Just in case I’m wrong and I have to face yet another storm, here are some pictures of snowflakes that make snow look really appealing. These aren’t the snowflakes I see, which look like Hey-I’m-going-to-be-late-to-work, but the stereotypical ones that have that pretty six-sided symmetry. Here’s a great example by dpnsan, taken this January.
And here’s one that CaptPiper took last January:
Snowflakes have six-sided symmetry because water molecules are made of one Hydrogen and two Oxygen molecules, in a configuration that looks a little bit like Strong Sad. According to this science site, the molecules get all cozy:
The oxygen atom has a particularly strong attraction to the electron clouds of the two hydrogen atoms and pulls them closer. This leaves the two hydrogen ends more positively charged, and the center of the “V” more negatively charged. When other water molecules “brush up” against this growing snowflake, strong forces between the negatively charged and positively charged parts of different particles cause them to join together in a very specific three-dimensional pattern with a six-sided symmetry. Each water molecule that joins the snowflake reflects this pattern until eventually we can see its macroscopic six-sided shape.
And that’s how we get results like this (taken with an electron microscope, from the US Department of Agriculture).
The neat thing about snowflakes is that they don’t have to be so spikey looking. Sometimes they form regular hexagons:
The photo was taken by Wilson “Snowflake” Bentley.

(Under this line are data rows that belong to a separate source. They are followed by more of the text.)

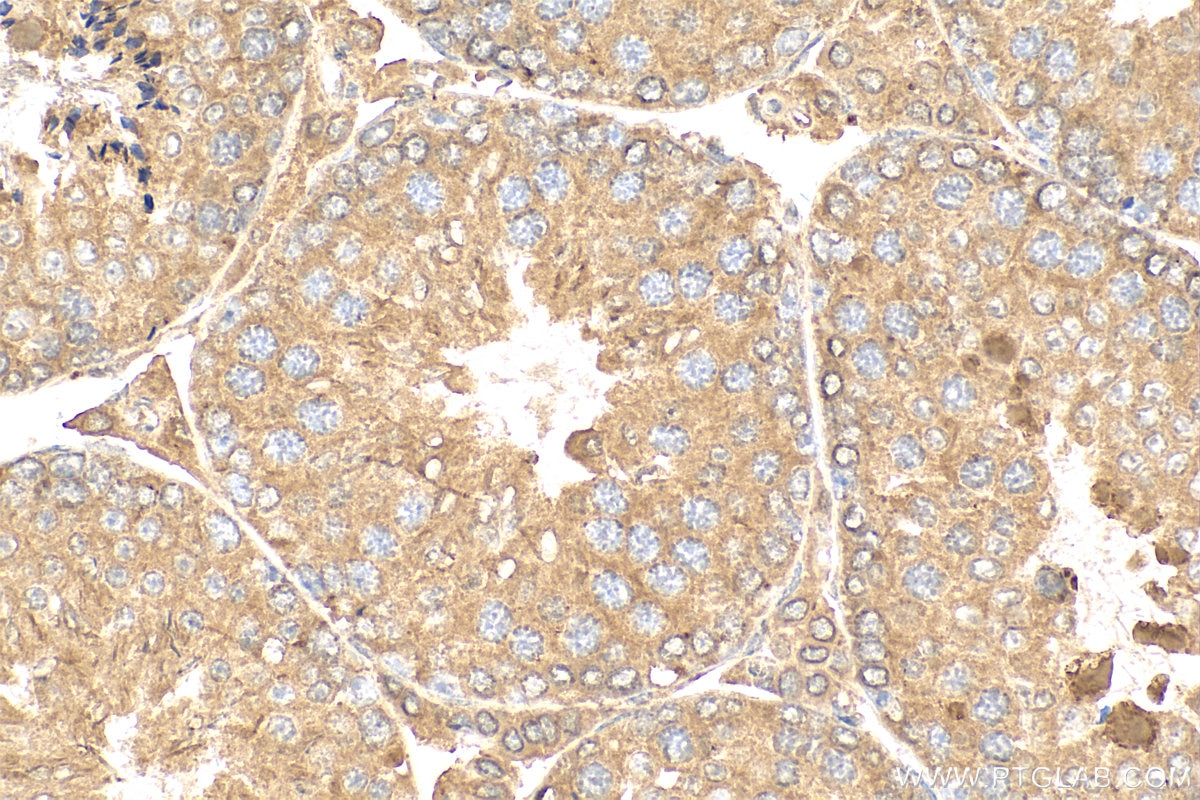Immunohistochemistry (IHC) staining of mouse testis tissue using BBOF1 Polyclonal antibody (24337-1-AP)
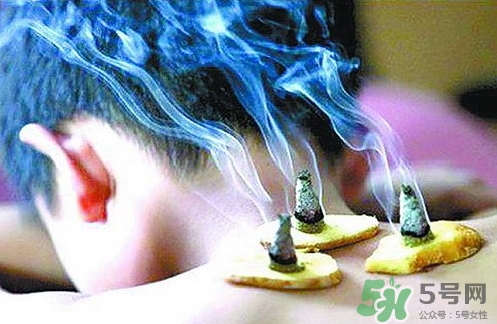 三伏灸什么時候開始灸？三伏灸怎么灸？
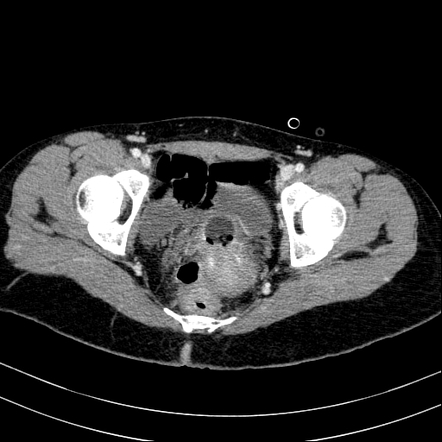 Foley catheter | Radiology Reference Article | Radiopaedia.org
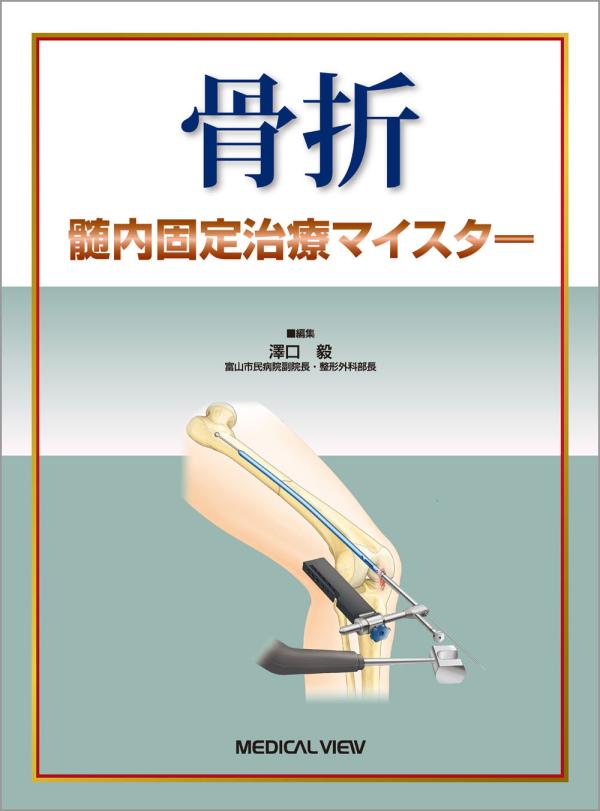 骨折　髄内固定治療マイスター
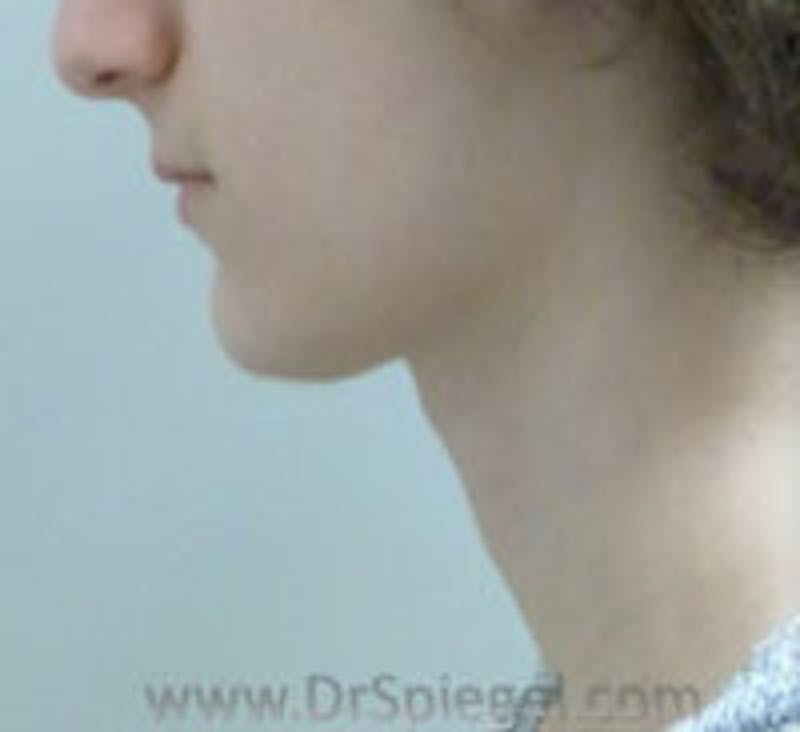 FFS Trachea Shave Before & After Gallery - Patient 281409 - Image 2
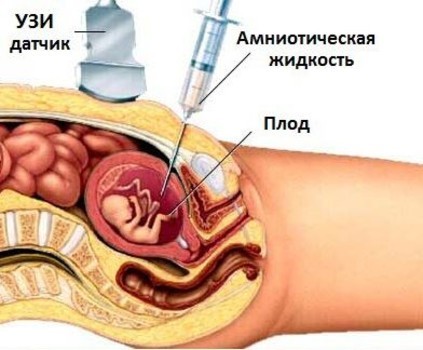 Киста сосудистого сплетения головного мозга: возникновение, диагностика, лечение. Опасна ли киста сосудистого сплетения для новорожденного?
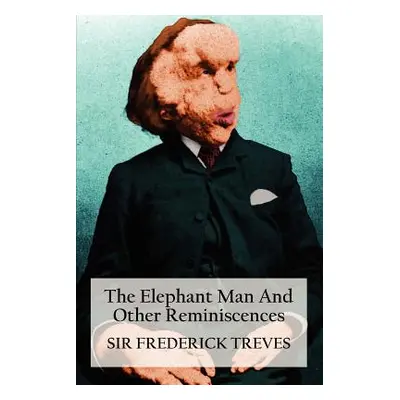 "The Elephant Man and Other Reminiscences" - "" ("Treves Frederick")(Paperback)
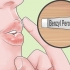Behandl hurtigt acne omkring læberne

He was the first person ever to photograph a snowflake, back in 1885, and he went on to take bunch of pictures that were published by all sorts of places, including Scientific American and National Geographic. I’ll end with a collection of some of his photos.
In case you’re wondering how people manage to take pictures of things that melt almost as soon as you look at them, there’s a description here. For some really stunning examples of the finished products, see the photos by David Drexler, Mark Cassino, and F. W. Widall.
Update 3/12: I woke up this morning and the ground was covered in snow. I might have been a tad premature in saying that winter was over.